Can’t get enough from Jimmy Wofford, who did the predictions for the Chronicle’s Rolex Kentucky preview issue? Don’t worry! He’s going to continue sharing his thoughts here throughout the competition.

“The first thing that I have to say is that space restrictions in the Rolex Preview issue prevent me from recognizing the presence of the volunteers here. The talk is how technical and proficient the riders are and how fancy the horses, and we forget who puts this event on. The sponsors pay for it, but the volunteers make it happen. There will be 2,300 volunteers helping here at Rolex this year, 300 of them alone on cross-country day. If you’re physically present on the grounds, find a volunteer and tell them thank you because Rolex would not happen without our volunteers.

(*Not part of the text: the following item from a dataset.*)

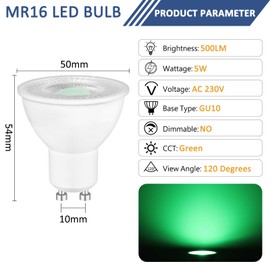 Caldarax Caldarax 2 pieces green GU10 LED 5W spot light 230V, replacement for 50W halogen lamps, MR16 reflector, 500LM, 120% beam angle, not dimmable, lighting decoration for party, stage, bar, landscape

“I have not done any statistics, but it seems we have a large number of Rolex rookies this year. I love that sort of situation because I know at least a third of them are going to literally leap into prominence this weekend. A case in point are the welcome scores from Elisa Wallace, Jolie Wentworth and Lainey Ashker. Lainey is not a rookie here, but I’m especially pleased for her because she has demons to conquer here at the Horse Park, and so far she has a stranglehold on them. Michael’s test was everything we had hoped for. The judges seem to have gotten the scores right, but there is room for some fancy horses at the top tomorrow.

“If La Biosthetique Sam FBW and Bay My Hero go as well as they look, we might have our first Rolex winner in the high 20s.” 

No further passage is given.